### Records shown:
━━━

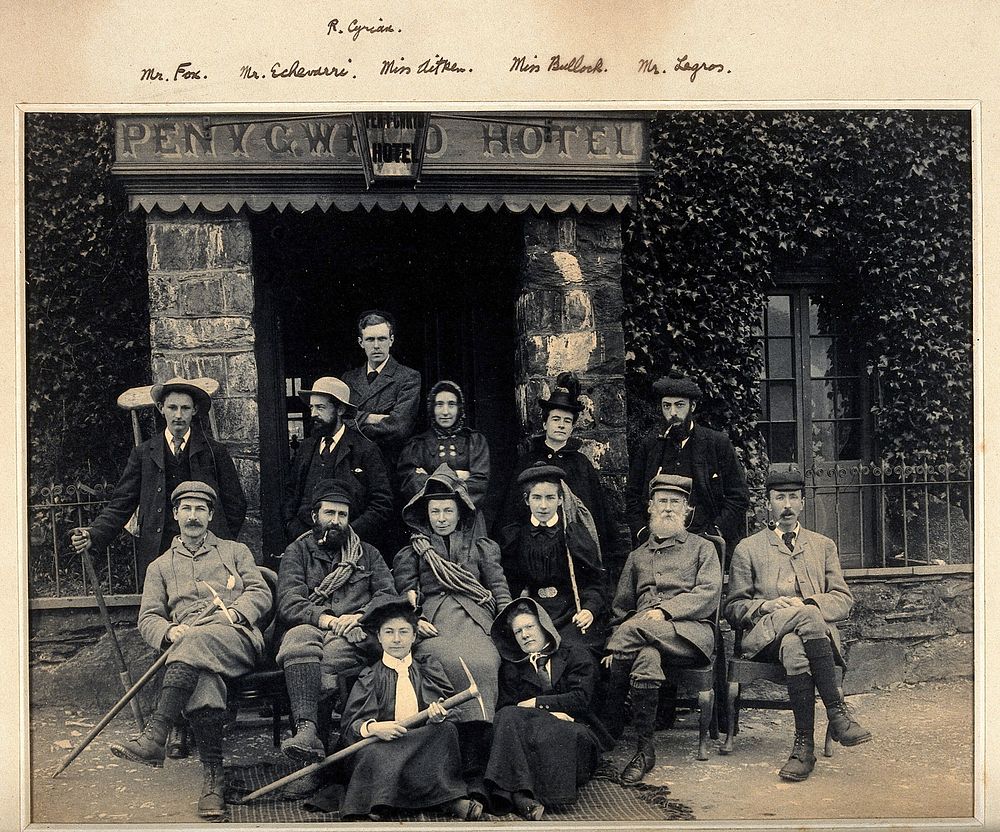 Pen-y-Gwryd, Wales: a mountaineering party seated outside Penygwryd Hotel, eight men, six women. Photograph by G.D. and A.…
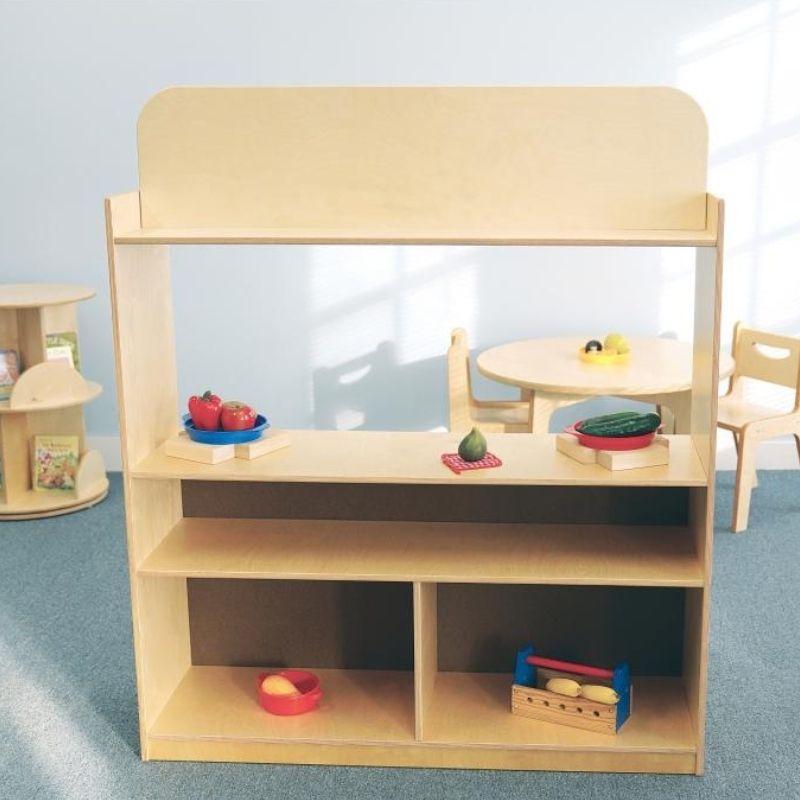 Rear view of the Whitney Brothers Imagination Station showing the two fixed back shelves with three storage compartments for dramatic play props and puppets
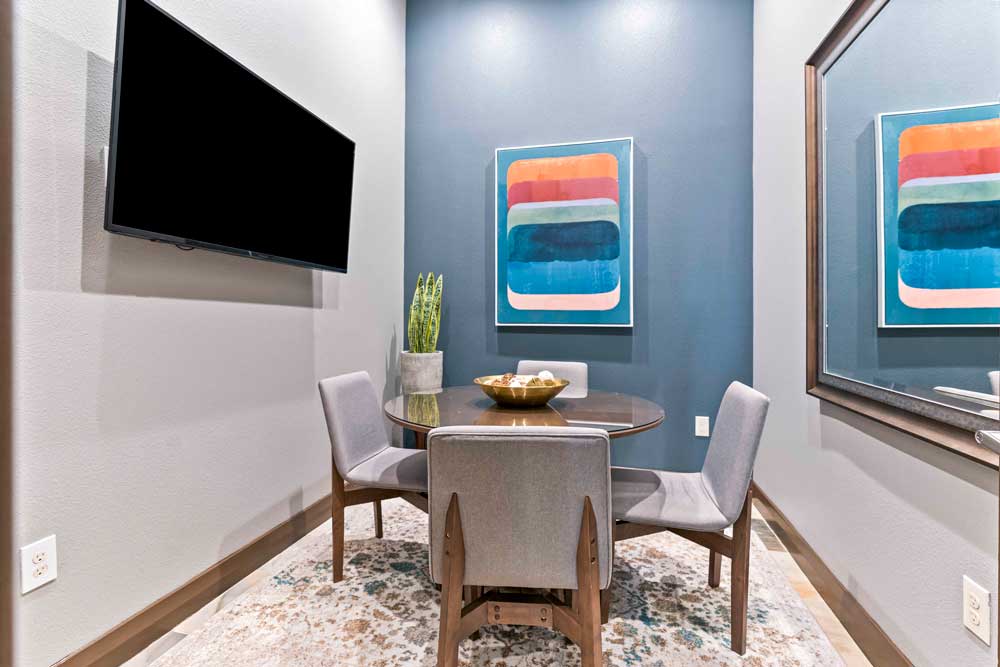 Cozy meeting space with a round table, four gray chairs, wall-mounted TV, and colorful artwork on a blue wall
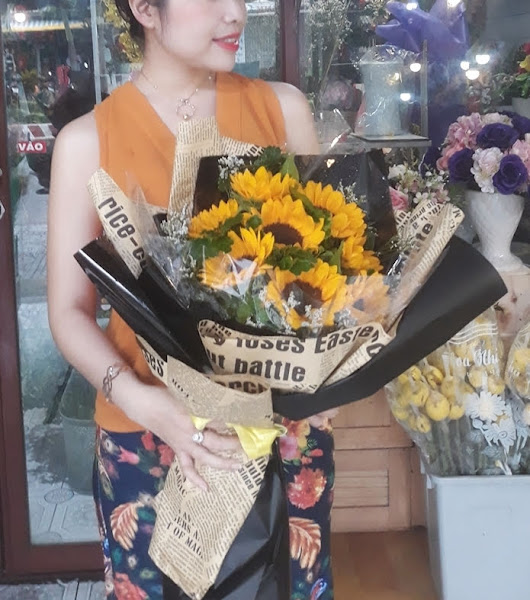 Bó hoa hướng dương bạn đẹp tỏa sáng đầy ý nghĩa thích hợp tặng sinh nhật bạn, tặng mẹ tại shop Hoa Tươi Phố Thành Rạch Giá Kiên Giang.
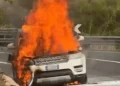 Suv in fiamme sul bordo della strada, alte fiamme dal cofano anteriore e fumo nero, guardrail sullo sfondo.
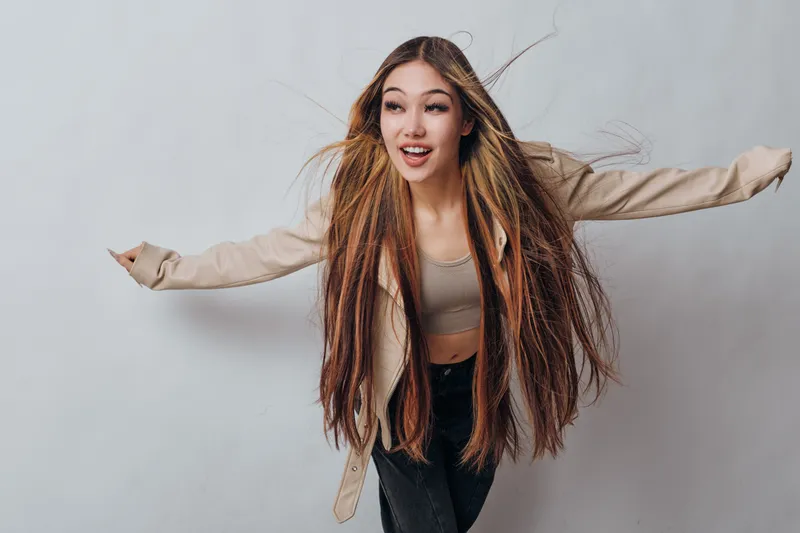 Young woman with long straight hair and casual outfit posing with arms outstretched against plain light background for fashion and lifestyle portrait.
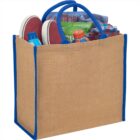 A jute tote bag with blue handles filled with various travel items.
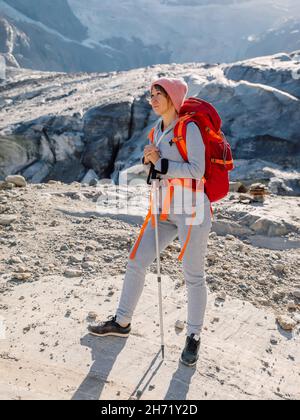Femme de randonnée avec sac à dos et bâtons de randonnée dans les montagnes.Montagne avec glacier et touristique Banque D'Images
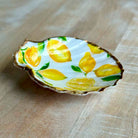 A small decorative dish shaped like a clamshell, featuring a hand-painted lemon and leaf pattern on a white background with a gold-toned rim, set on a light wood surface.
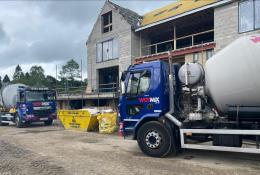 Two blue and grey concrete mixer trucks outside a new build house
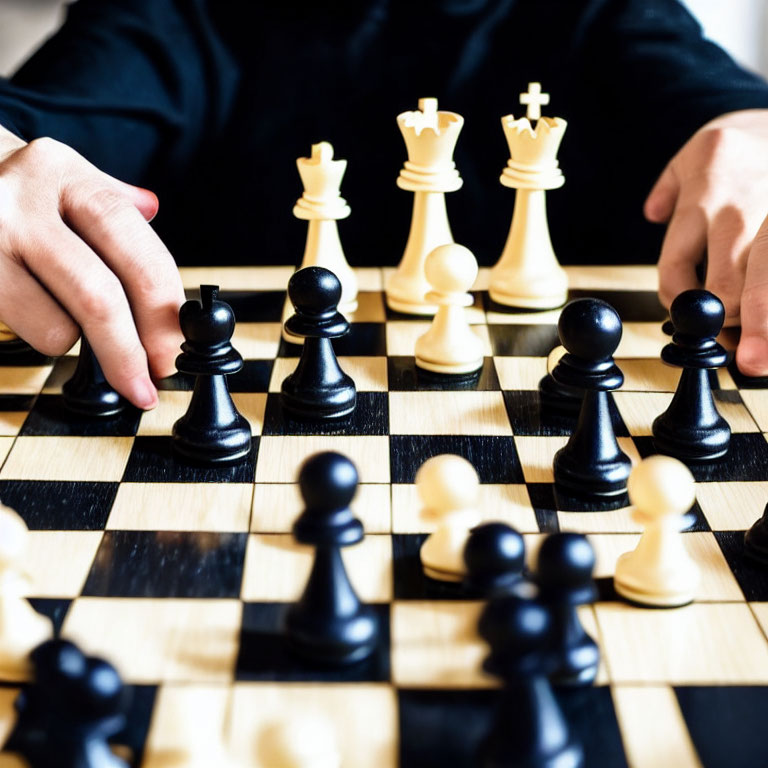 Person in black shirt playing chess with hand on black pawn, white pieces in background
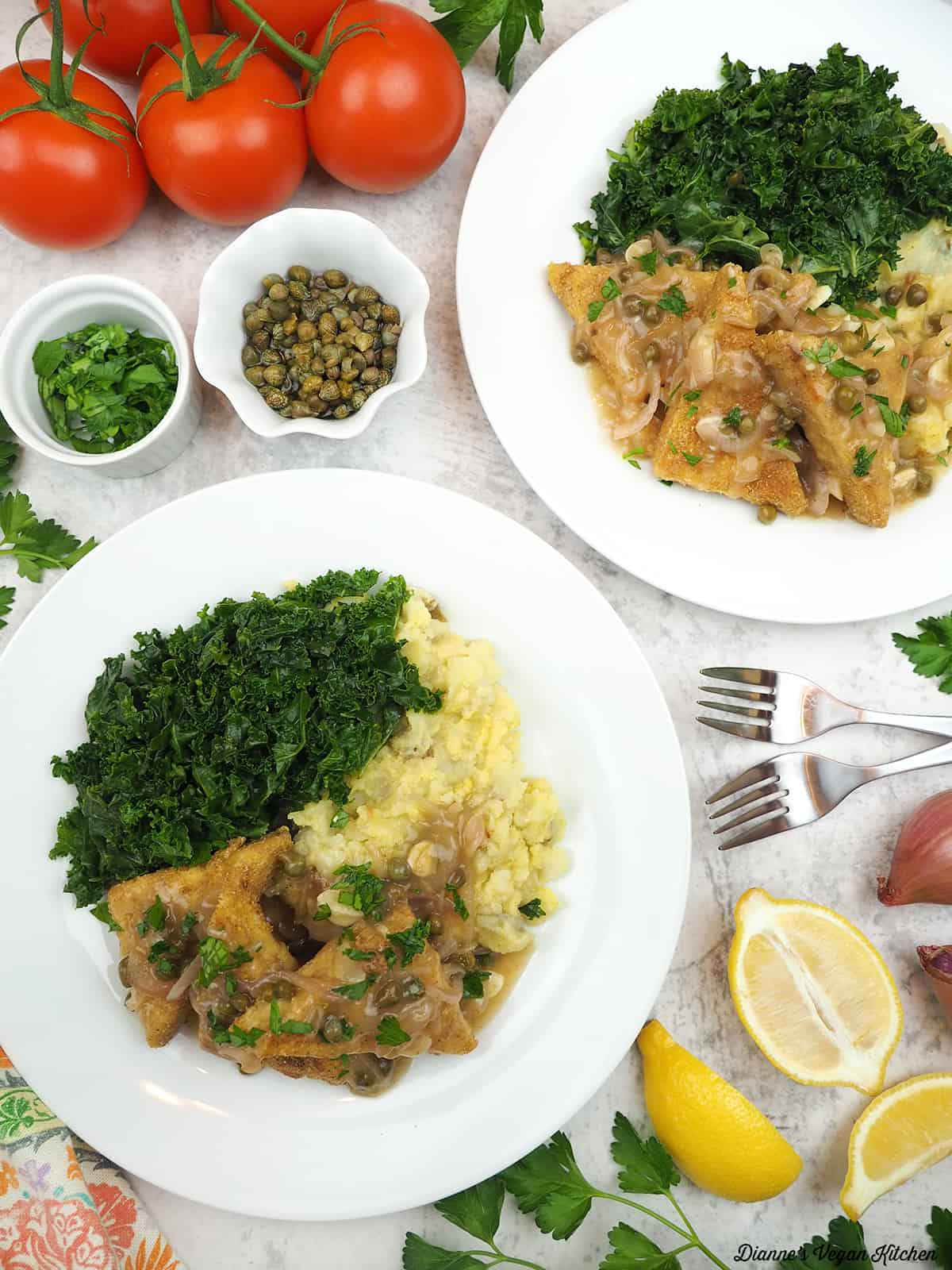two plates of tempeh piccata with cappers, lemons, shallots, tomatoes, parsley, and lemon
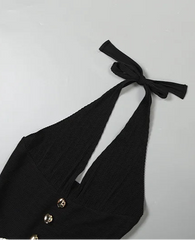 Black halter top with bow detail on a light gray background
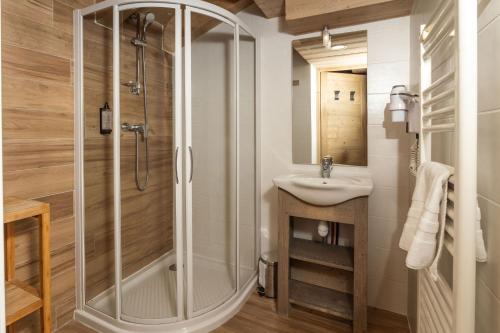 a bathroom with a shower and a sink at Residence Le Roc Noir by Alpapart in La Rosière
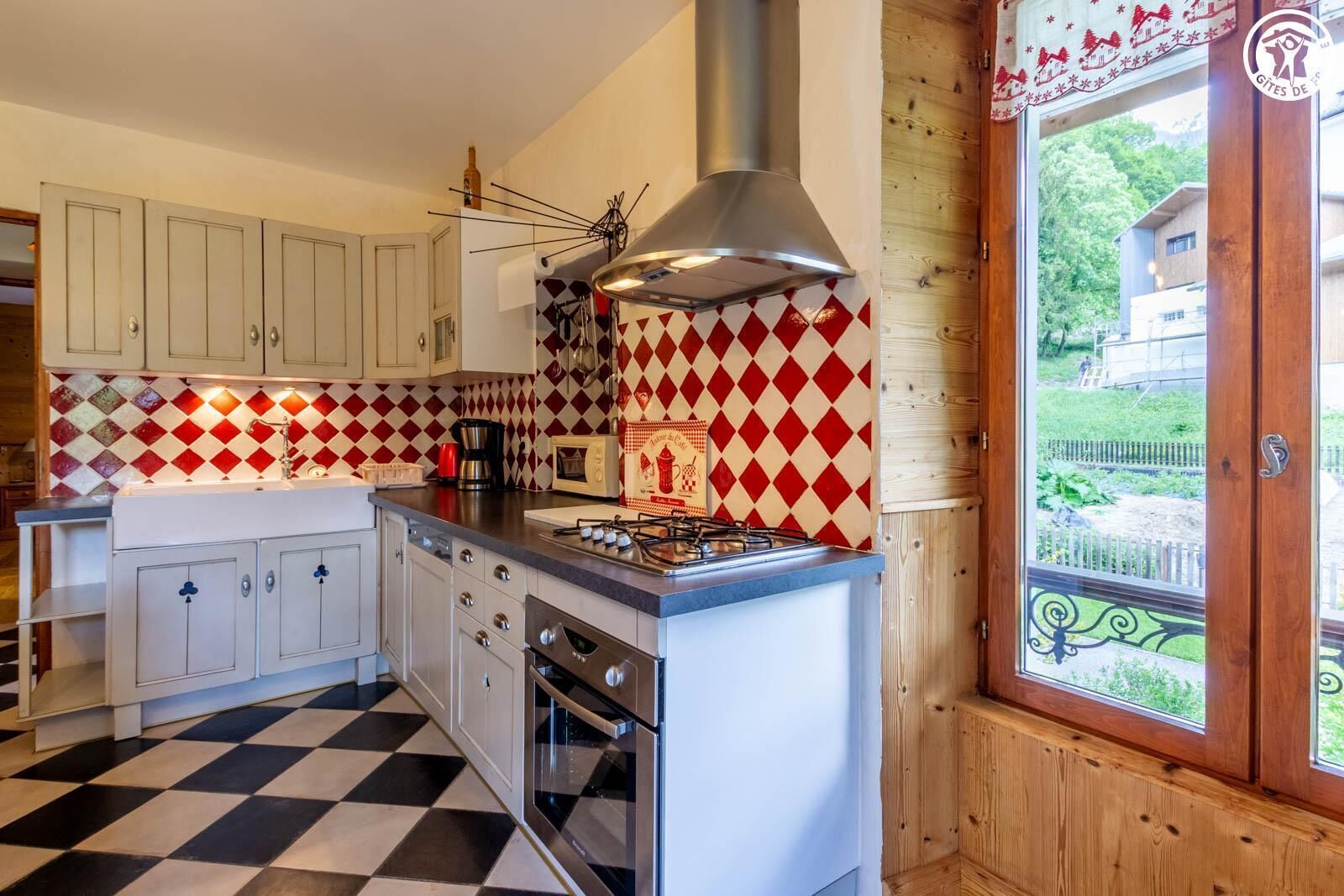 A kitchen with white cabinets, a black and white checkered floor, a gas stove, and a window with a view of greenery.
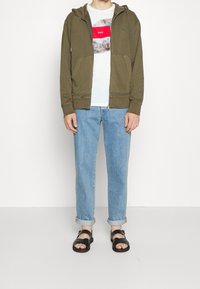 Sudadera con capucha de cremallera en verde oliva con bolsillos en la parte delantera, usada sobre una camiseta blanca con un gráfico rojo. Vaqueros azul claro remangados y sandalias negras.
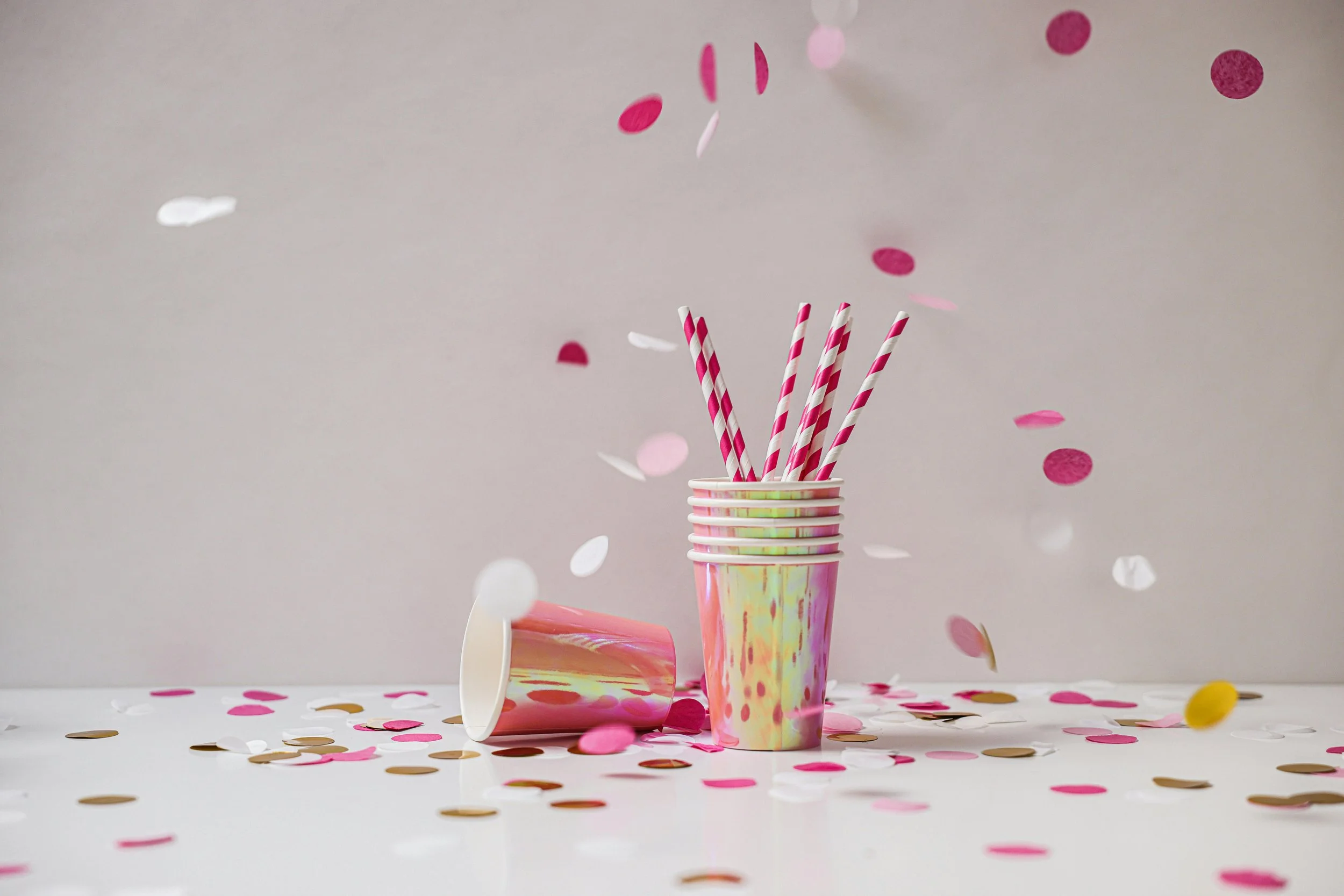 Pink and white striped paper straws in a pastel-colored disposable cup with splashy paint design, surrounded by scattered pink, white, and gold confetti, with some confetti falling from above against a plain gray background.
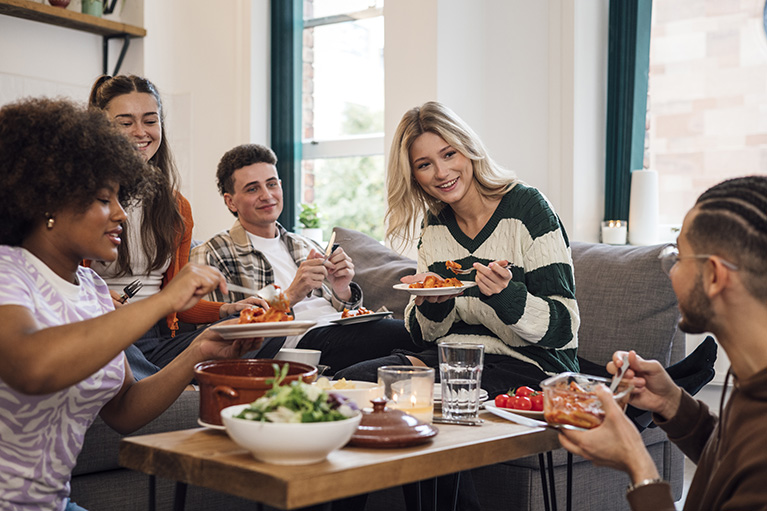 A low angle side view of group of friends who are students in the common room having a meal on the couch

━━━

Write out every line of the entries above exactly, and omit their pictures.

### Output of the task:
 Pen-y-Gwryd, Wales: a mountaineering party seated outside Penygwryd Hotel, eight men, six women. Photograph by G.D. and A.…
 Rear view of the Whitney Brothers Imagination Station showing the two fixed back shelves with three storage compartments for dramatic play props and puppets
 Cozy meeting space with a round table, four gray chairs, wall-mounted TV, and colorful artwork on a blue wall
 Bó hoa hướng dương bạn đẹp tỏa sáng đầy ý nghĩa thích hợp tặng sinh nhật bạn, tặng mẹ tại shop Hoa Tươi Phố Thành Rạch Giá Kiên Giang.
 Suv in fiamme sul bordo della strada, alte fiamme dal cofano anteriore e fumo nero, guardrail sullo sfondo.
 Young woman with long straight hair and casual outfit posing with arms outstretched against plain light background for fashion and lifestyle portrait.
 A jute tote bag with blue handles filled with various travel items.
Femme de randonnée avec sac à dos et bâtons de randonnée dans les montagnes.Montagne avec glacier et touristique Banque D'Images
 A small decorative dish shaped like a clamshell, featuring a hand-painted lemon and leaf pattern on a white background with a gold-toned rim, set on a light wood surface.
 Two blue and grey concrete mixer trucks outside a new build house
 Person in black shirt playing chess with hand on black pawn, white pieces in background
two plates of tempeh piccata with cappers, lemons, shallots, tomatoes, parsley, and lemon
 Black halter top with bow detail on a light gray background
 a bathroom with a shower and a sink at Residence Le Roc Noir by Alpapart in La Rosière
 A kitchen with white cabinets, a black and white checkered floor, a gas stove, and a window with a view of greenery.
 Sudadera con capucha de cremallera en verde oliva con bolsillos en la parte delantera, usada sobre una camiseta blanca con un gráfico rojo. Vaqueros azul claro remangados y sandalias negras.
 Pink and white striped paper straws in a pastel-colored disposable cup with splashy paint design, surrounded by scattered pink, white, and gold confetti, with some confetti falling from above against a plain gray background.
 A low angle side view of group of friends who are students in the common room having a meal on the couch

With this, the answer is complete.